| ABOUT THIS TASK |
Print every record exactly, omitting all pictures.

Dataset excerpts
[Start of section]
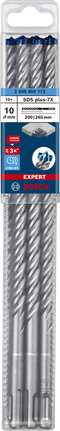 Pachet de burghie pentru percuție rotopercutoare Bosch EXPERT SDS plus-7X 10 mm.
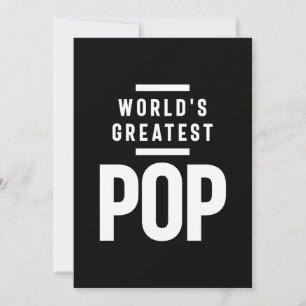 Cartão De Agradecimento O maior Pop do mundo Padre Avô Presente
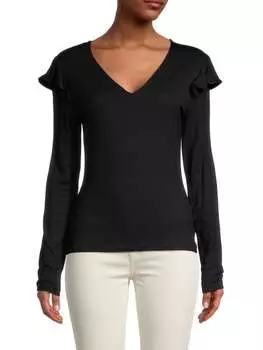 Топ Lea &amp; Viola с оборками, черный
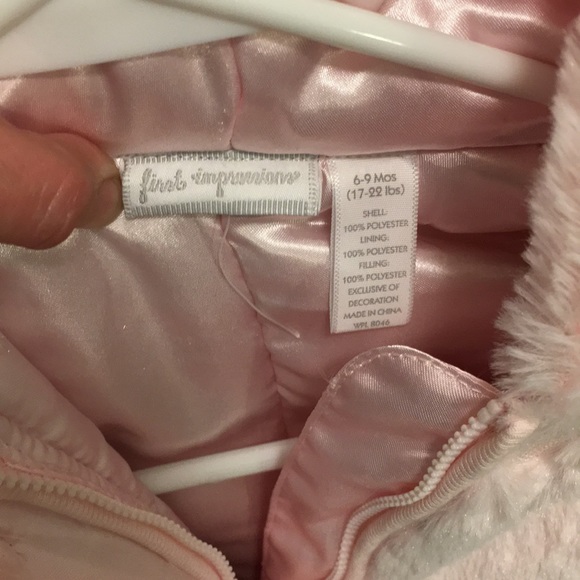 Baby girl hooded bunting - Picture 5 of 5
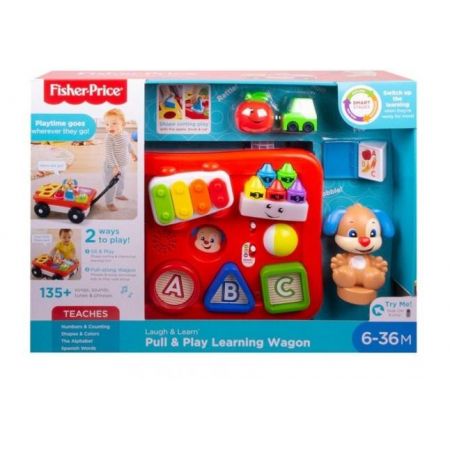 fisher price edukacyjny wózek szczeniaczka ghv14 mattel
[End of section]
| RESPONSE TO THE TASK |
 Pachet de burghie pentru percuție rotopercutoare Bosch EXPERT SDS plus-7X 10 mm.
 Cartão De Agradecimento O maior Pop do mundo Padre Avô Presente
 Топ Lea &amp; Viola с оборками, черный
 Baby girl hooded bunting - Picture 5 of 5
 fisher price edukacyjny wózek szczeniaczka ghv14 mattel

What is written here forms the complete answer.